In the browser, backpressure matters in three situations:
- Stream processing — reading data faster than you can render it
- WebSocket messages — server sends events faster than the UI updates
- File processing — reading a large file chunk by chunk
The Streams API has built-in backpressure through its pull-based model:
const readable = new ReadableStream({
async pull(controller) {
const data = await fetchNextChunk();
if (data) {
controller.enqueue(data);
} else {
controller.close();
}
},
}, {
highWaterMark: 3,
});
The pull function is only called when the consumer needs data.

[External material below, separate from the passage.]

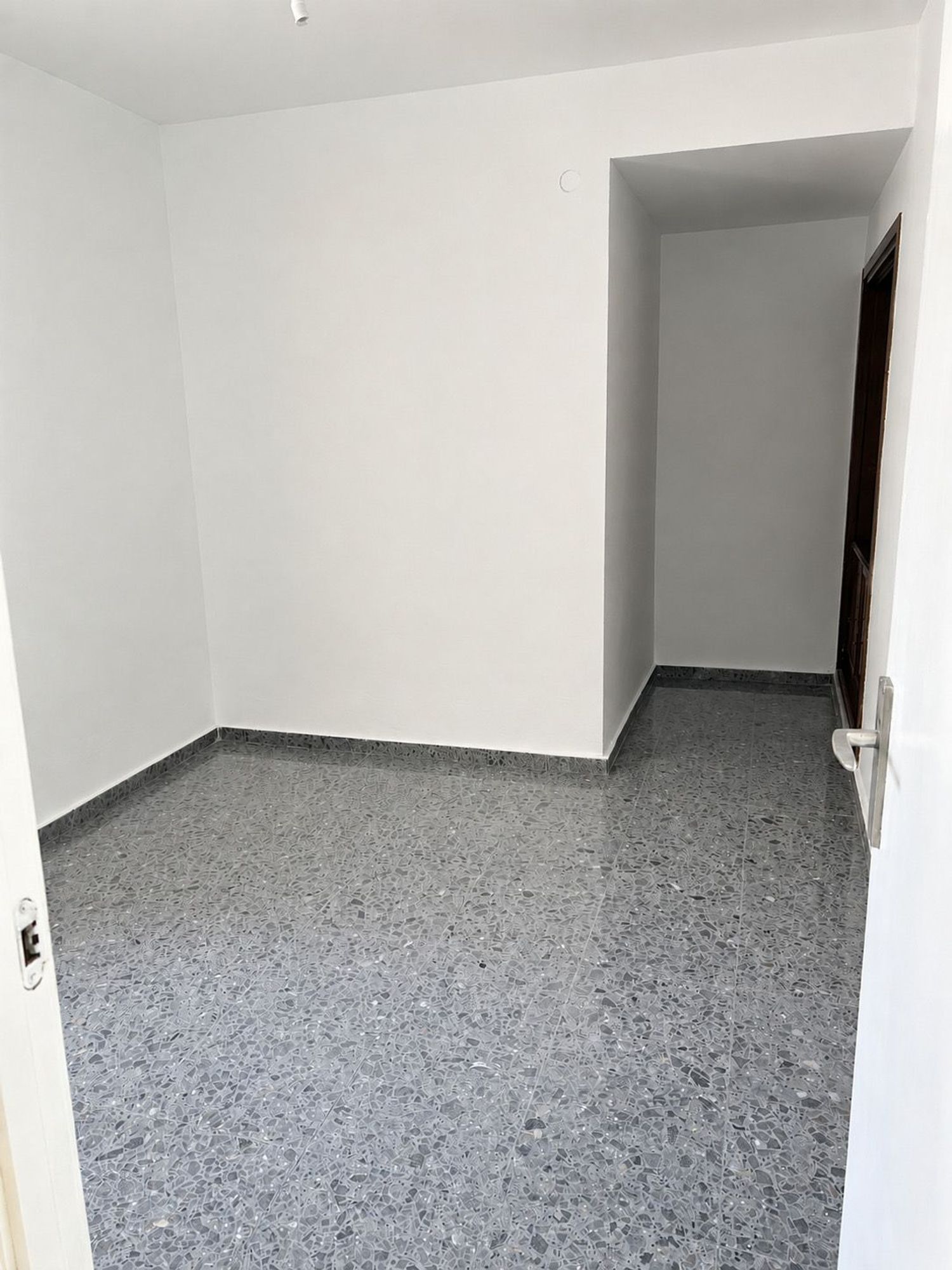 Estudio en Calle de Vilaragut, 4 - Foto 3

If the consumer is slow, pull simply isn't called. highWaterMark controls how many chunks to buffer ahead — higher means more memory but smoother throughput, lower means less memory but more waiting.

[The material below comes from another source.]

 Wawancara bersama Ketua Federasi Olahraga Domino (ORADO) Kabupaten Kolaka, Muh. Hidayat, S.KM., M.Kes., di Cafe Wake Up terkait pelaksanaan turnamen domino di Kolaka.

For WebSocket-style scenarios where the producer pushes data, implement your own backpressure:
async function* throttledConsume(source, processingTime) {
for await (const item of source) {
yield item;
if (processingTime > 16) {
await new Promise(r => requestAnimationFrame(r));
}
}
}
Real-World Pattern: Streaming AI Chat
Putting it all together — here's how you'd build a streaming chat interface like ChatGPT:
async function streamChat(messages, onToken) {
const response = await fetch('/api/chat', {
method: 'POST',
headers: { 'Content-Type': 'application/json' },
body: JSON.stringify({ messages }),
});
if (!response.ok) {
throw new Error(`Chat API error: ${response.status}`);
}
const reader = response.body.getReader();
const decoder = new TextDecoder();
let buffer = '';
let fullText = '';
while (true) {
const { done, value } = await reader.read();
if (done) break;
buffer += decoder.decode(value, { stream: true });
const lines = buffer.split('\n');
buffer = lines.pop();
for (const line of lines) {
if (line.startsWith('data: ') && line !== 'data: [DONE]') {
const parsed = JSON.parse(line.slice(6));
const token = parsed.choices?.[0]?.delta?.content;
if (token) {
fullText += token;
onToken(token, fullText);
}
}
}
}
return fullText;
}
await streamChat(
[{ role: 'user', content: 'Explain closures' }],
(token, fullText) => {
messageElement.textContent = fullText;
}
);
| What developers do | What they should do |
|---|---|
| Using response.json() for large API responses response.json() buffers the entire response in memory before parsing. A 100MB response needs 100MB of memory. Streaming processes chunks as they arrive | Stream-parse with for-await-of on response.body for large or real-time data |
| Reading a response body twice ReadableStream is consumed once. Attempting to read it again throws a TypeError. Clone before consuming if you need the data in multiple places | Clone the response first with response.clone() or tee the stream |
| Forgetting to handle partial chunks in stream parsing Network chunks don't align with logical boundaries (lines, JSON objects). A chunk might end in the middle of a line. Without buffering, you'll get parse errors | Always buffer incomplete data and process it on the next chunk or flush |
| Using EventSource when you need authentication or POST EventSource only supports GET requests with no custom headers. For anything requiring auth tokens or request bodies, manual fetch-based SSE is required | Use fetch with streaming body for authenticated or POST-based SSE |
You're building a real-time dashboard that receives 500 data points per second via WebSocket. Each data point needs to be rendered as a chart update. The browser can only repaint at 60fps. How would you handle the mismatch between data production rate and render rate? Describe your backpressure strategy.